Date Published: June 4, 2019
Publisher: Public Library of Science
Author(s): Atsuko Yamaguchi, Yasunori Yamamoto, Frederique Lisacek.
In life sciences, accompanied by the rapid growth of sequencing technology and the advancement of research, vast amounts of data are being generated. It is known that as the size of Resource Description Framework (RDF) datasets increases, the more efficient loading to triple stores is crucial. For example, UniProt’s RDF version contains 44 billion triples as of December 2018. PubChem also has an RDF dataset with 137 billion triples. As data sizes become extremely large, loading them to a triple store consumes time. To improve the efficiency of this task, parallel loading has been recommended for several stores. However, with parallel loading, dataset consistency must be considered if the dataset contains blank nodes. By definition, blank nodes do not have global identifiers; thus, pairs of identical blank nodes in the original dataset are recognized as different if they reside in separate files after the dataset is split for parallel loading. To address this issue, we propose the Split4Blank tool, which splits a dataset into multiple files under the condition that identical blank nodes are not separated. The proposed tool uses connected component and multiprocessor scheduling algorithms and satisfies the above condition. Furthermore, to confirm the effectiveness of the proposed approach, we applied Split4Blank to two life sciences RDF datasets. In addition, we generated synthetic RDF datasets to evaluate scalability based on the properties of various graphs, such as a scale-free and random graph.
Recently, partly due to the rapid advancement of experimental equipment and data analysis environments, such as high-throughput sequencers, functional magnetic resonance imaging , and high performance computing clusters [2, 3], data driven approaches, i.e., data-intensive science, have become increasingly popular in life sciences. In such research studies, diverse types of data are produced, e.g., genome sequences and images. To understand functions in biological phenomena, we must interpret various types of large amounts of data in an integrated manner. Several public institutions, such as National Center for Biotechnology Information (NCBI) , the European Bioinformatics Institute (EBI) , and DNA Data Bank of Japan (DDBJ)  store such data in publicly available databases. However, such databases typically have unique formats and access methods. Therefore, researchers must understand these formats and access methods to obtain target data. In this situation, adopting the Resource Description Framework (RDF)  to represent these datasets has attracted the attention of database developers and users [8, 9]. The specification of RDF has become a World Wide Web Consortium (W3C) Recommendation. In the specification, Internationalized Resource Identifier (IRI) is used for globally identifiable naming schema for target objects, such as genes and proteins. In addition, the specification recommends an explicit representation of the properties of such target objects. Therefore, researchers can easily combine different datasets and focus on analyzing datasets for their research purposes.

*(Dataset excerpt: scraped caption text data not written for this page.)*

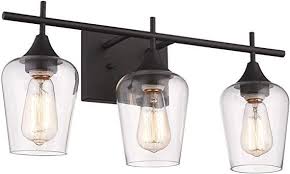 Amazon Com Osimir 3 Light Wall Sconce Industrial Bathroom Vanity Light Over Mir Industrial Bathroom Lighting Bathroom Light Fixtures Bathroom Lighting Design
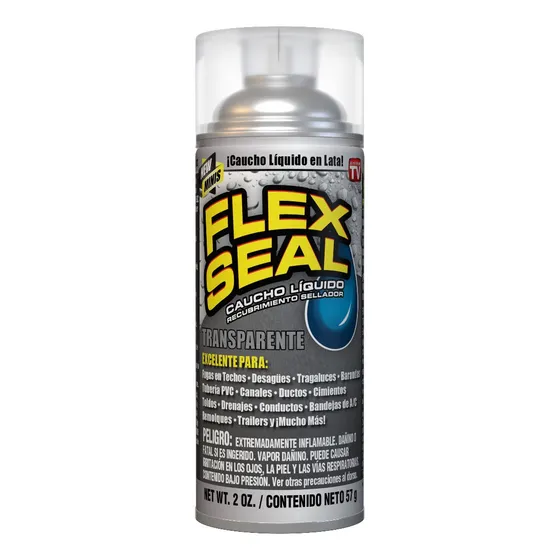 Sellante De Caucho Liquido Mini Flex Seal Transparente 2 Oz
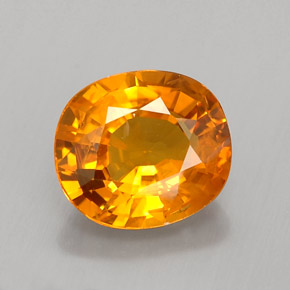 Zaffiro naturale arancione da 1,81 ct, taglio ovale, VS-SI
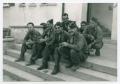 Photograph: [Soldiers on Stairs]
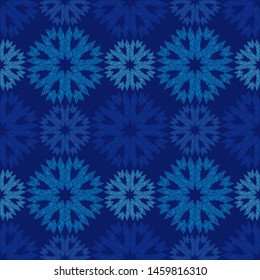 Seamless pattern with Decorative Snowflakes. Merry Christmas! Vector illustration. Can be used for wallpaper, textile, invitation card, wrapping, web page background.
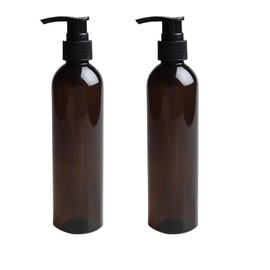 Body Oil Container,Body Oil Dispenser with Lotion Pump,Leak-Proof and BPA-Free Plastic,2PCS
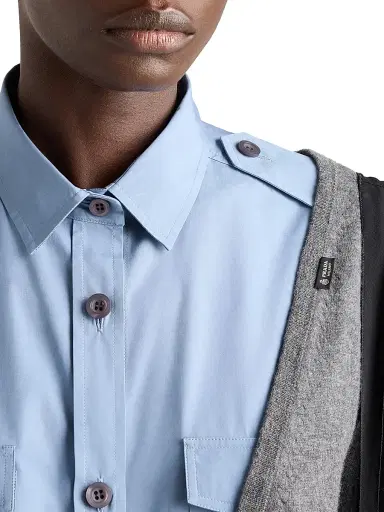 Prada Women's Cashmere Cardigan - Grey | Thumbnail 6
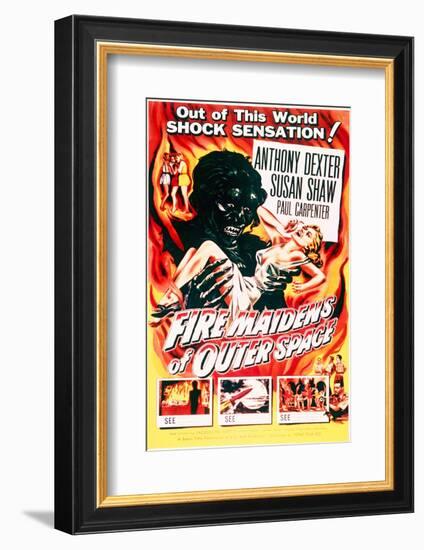 Fire Maidens of Outer Space - Movie Poster Reproduction-null-Framed Photo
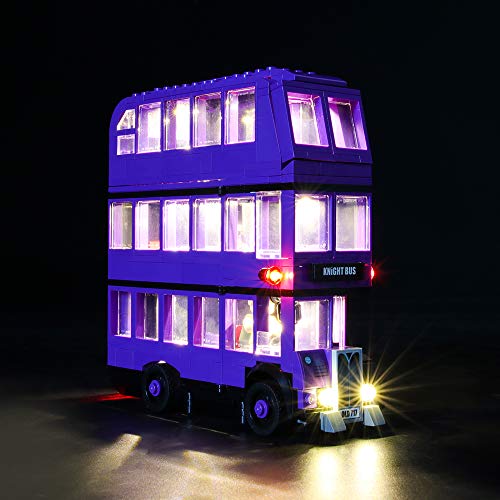 GEAMENT Licht-Set Kompatibel mit Lego Harry Potter Der Fahrende Ritter Spielzeug, Dreifachdeckerbus (The Knight Bus) - Beleuchtungsset für 75957 (Lego Set Nicht enthalten) von GEAMENT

From the theoretical analysis in the previous section, we obtained hypotheses that (1) the run time of Split4Blank does not depend on the number of files, (2) the run time of Split4Blank depends on the number of files but is less than O(|T|log|T|), where T is the set of the triples in the original RDF graph, and (3) The RDF graph loaded using an original file and the RDF graph loaded in parallel using files split by Split4Blank are isomorphic. To demonstrate them, we conducted two types of experiments. We first applied Split4Blank to real life sciences RDF datasets. In addition, we applied Split4Blank to synthetic RDF graphs to obtain the result for various sizes of RDF graphs.
As written in , SPARQL engines of triple stores often offer Skolemization scheme for blank nodes. For example, values of the columns of s (original) and s (split) in Table 2, such as nodeID://b12672638 and nodeID://b10853750, are blank nodes that undergo Skolemized by Virtuoso. If there is a standardized Skolemization method of blank nodes in an RDF graph, it can also be a solution for generating split files without loss of information. However, a large number of RDF datasets including blank nodes have already been published and are circulated. Therefore, at this time, it is not realistic that all blank nodes in published RDF datasets are subjected to Skolemization.
In this paper, we proposed a method to split an RDF dataset into several sets of triples such that identical blank nodes are stored in the same set. Furthermore, we implemented a tool and evaluated its run time in a computational experiment. In addition, from the experimental result, we conclude that the number of split files does not affect computation time and computation time scales linearly with the number of nodes.